Mais le main-d'oeuvre habituée au travail artisanal ne retrouve pas ses bases. Paradoxalement, il est devenu plus simple de recruter des salariés inexpérimentés que de former les anciens à de nouvelles méthodes de fabrication. Cette année 1962 est aussi celle d'importants mouvements de grève en Italie dans le milieu de la métallurgie. Touring n'y échappe pas, et ce au moment où son carnet de  commandes ne cesse de gonfler. A la fin du conflit, une partie du retard est comblée,  mais quelques commandes sont annulées.

Paradoxalement, alors que Touring est enfin prêt, une période de récession s'annonce. Les voitures que produit le carrossier arrivent pour la plupart en fin de carrière chez leurs constructeurs respectifs. Le groupe Rootes, propriétaire de la marque Sunbeam, est en passe d'être racheté par l'américain Chrysler. Certains projets en cours sont alors suspendus. Le marché des grosses cylindrées en Italie - terrain de prédilection pour les clients de Touring - est frappé de plein fouet par une nouvelle fiscalité qui leur est désormais fortement défavorable.

Pourtant chez Touring on persévère, et le carrossier soumet régulièrement de nouveaux prototypes aux constructeurs, hélas bien souvent en pure perte. Le bureau d'études parvient, avec peu de moyens, à faire des miracles. Les nouvelles machines de l'usine Milanaise sont loin de tourner au maximum de leur capacité. Touring, au bord du gouffre, se met sous la protection de l'Etat italien en mars 1963. La production des Lancia Flaminia GT, Alfa Romeo Giulia GTC et 2600 Spider, Autobianchi Primula Coupé et Lamborghini 400 GT est maintenue.

Lancia Flaminia GT Coupé

Malgré une année 1964 qui voit une réelle reprise de la production, la dette demeure très importante. La recherche d'un acquéreur potentiel qui pourrait poursuivre l'activité s'avère infructueuse.
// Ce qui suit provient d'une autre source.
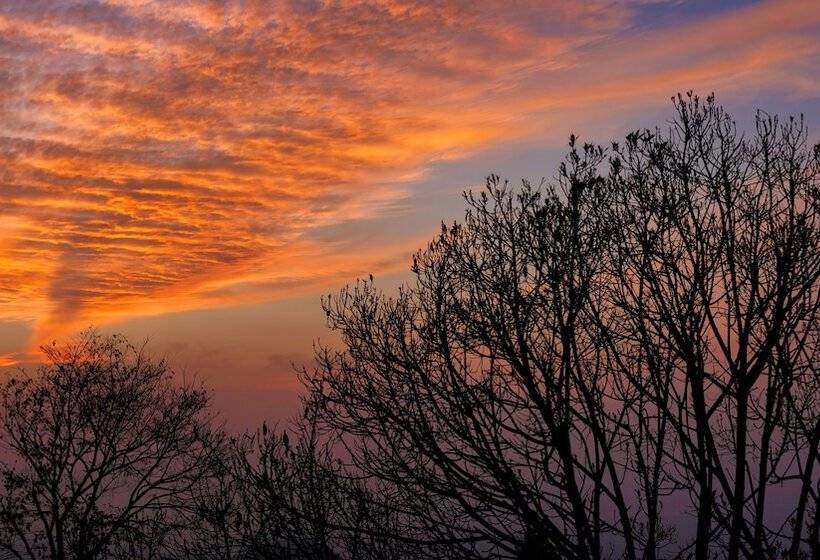 The Terraces Resort And Spa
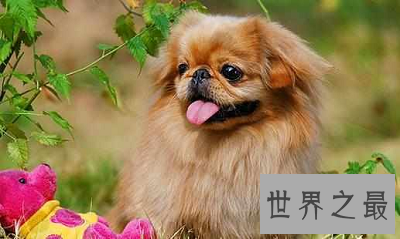 【图】最短萌京巴狗图片，萌化你的心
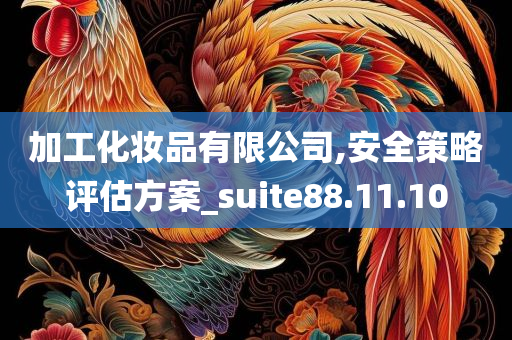 加工化妆品有限公司,安全策略评估方案_suite88.11.10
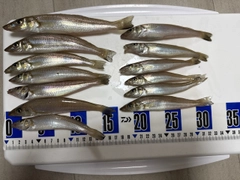 シロギスの釣果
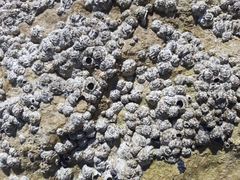 Chthamalus stellatus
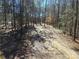 Path through a wooded area at 1627 Peden Bridge Rd, Chester, SC 29706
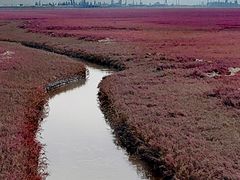 -红海滩国家风景廊道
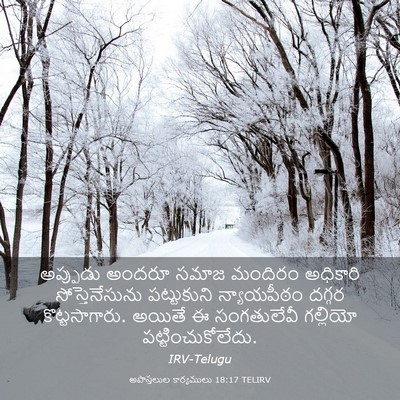 Picture 03 - అపొస్తలుల కార్యములు 18:17 TELIRV - అప్పుడు అందరూ - Bible Verse Picture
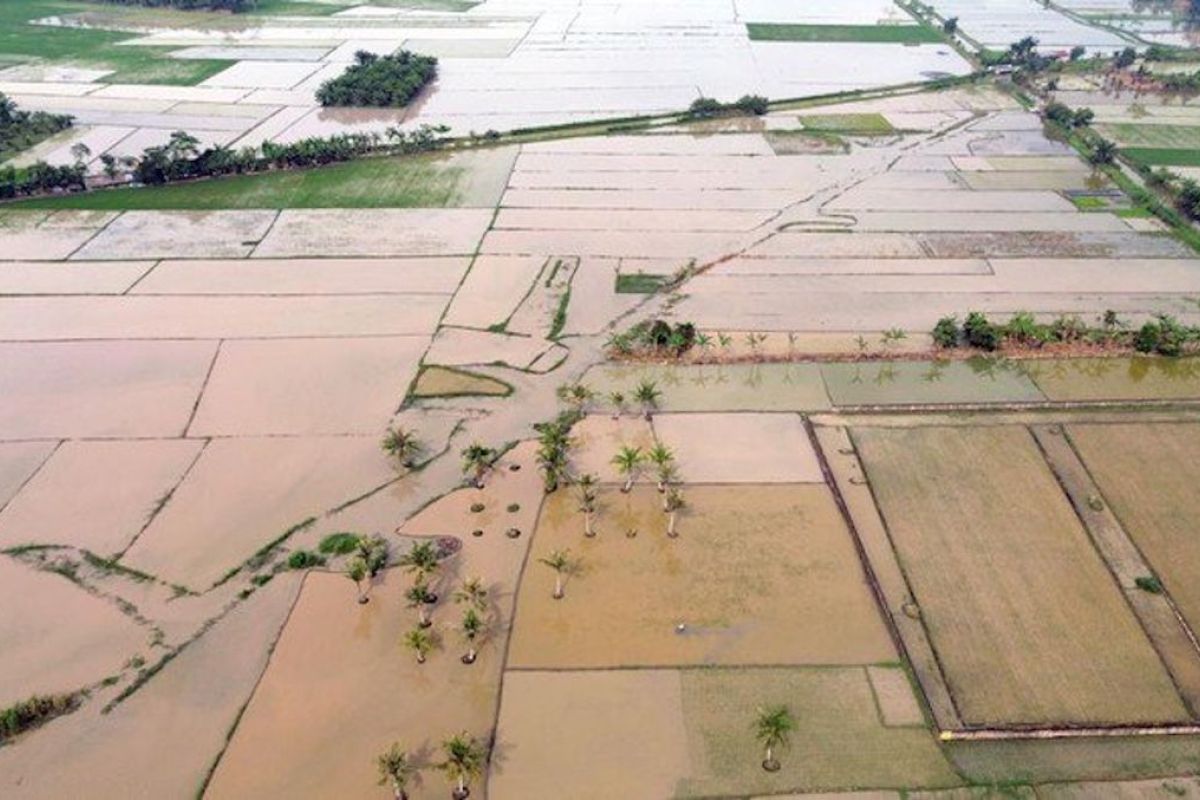 Satgas PRR rehabilitasi ribuan hektare sawah terdampak bencana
La production cesse définitivement le 31 janvier 1967, une fois les commandes en cours honorées. Après sa fermeture, l'usine sera reconvertie à d'autres activités industrielles qui n'auront rien à voir avec l'automobile. La présentation de la Flying Star II au Salon de Turin en novembre 1966 dans un contexte difficile pour Touring montre bien à quel point ce prototype n'est pas un prototype comme les autres.

Lamborghini Flying Star II

Touring collabore depuis 1964 avec Lamborghini, et habille les 350 GT puis 400 GT. Parallèlement, il  est mis en concurrence avec Bertone sur le projet de celle qui va devenir la Miura, mais c'est son adversaire qui remporte l'appel d'offre, tant en ce qui concerne l'étude de la voiture que son industrialisation. Véritable chant du cygne pour Touring, la Flying Star II est assemblée sur un châssis de Lamborghini 400 GT. Son nom de baptême est un clin d'oeil à une autre création de Touring datant de 1931, qui habillait soit un spider Alfa Romeo 1750 GS soit une Isotta Fraschini 8A.
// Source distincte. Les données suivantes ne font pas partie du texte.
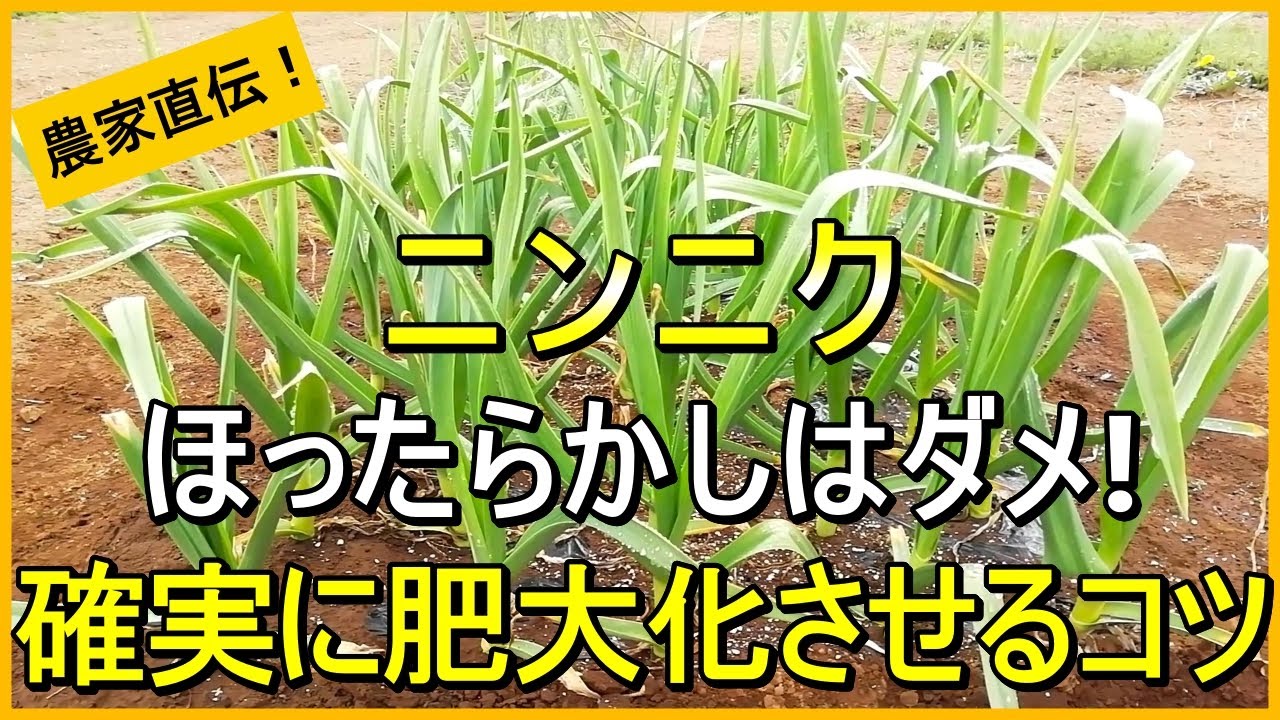 【にんにく栽培】4月以降にやるべき大切なお世話5つを解説【有機農家直伝！無農薬で育てる家庭菜園】 25/4/15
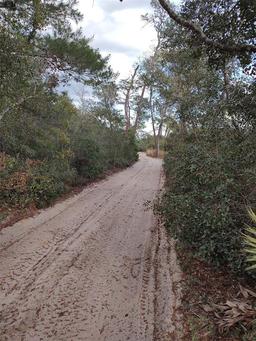 Picture of 15946 NE 234Th Lane, Fort Mc Coy, FL 32134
Lamborghini 400 GT de série

La Flying Star II ne peut à elle seule sauver Touring de la faillite. Quoi qu'il en soit, elle ne retient pas l'attention des dirigeants de Lamborghini. Le prototype est vendu à Jacques Quoirez, le frère de Françoise Sagan, qui après l'avoir repeinte en orange Miura, s'en sert pour son usage quotidien. Cet exemplaire unique a depuis lors connu de nombreux propriétaires. L'usine en a assuré une première restauration complète en 1979. Il est ensuite réapparu publiquement au salon Rétromobile en 1987. Il arbore de nos jours une teinte gris métallisé.

Source : http://www.sellerie-cimes.fr

Lamborghini Flying Star II, reine des concours d'élégance

Point de vue de l'Auto Journal en 1967 :

" Avant la guerre, les carrosseries spéciales étaient l'apanage de quelques voitures de haut luxe, mais celle-ci ne purent survivre en grand nombre avec la vulgarisation de l'automobile. Des firmes telles que Duesenberg, Hispano, Delage, Delahaye s'éteignirent tour à tour, entraînant dans leur naufrage les maîtres artisans qui habillaient leurs prestigieuses mécaniques. Pour échapper à ce sort, les carrossiers furent donc contraints à l'industrialisation. Touring fut l'un des derniers, en Italie, à se soumettre à cette loi, et ce refus l'a tout naturellement conduit à sa perte. Bien qu'il soit récemment passé sous le contrôle de l'état, Touring a dû déposer son bilan en mai dernier. Ses dernières réalisations furent l'Aston Martin DBS, qui aurait dû être fabriquée en série régulière, et la Lamborghini 400 GT Flying Star, prototype doté d'un arrière original, mi-coupé, mi-break ".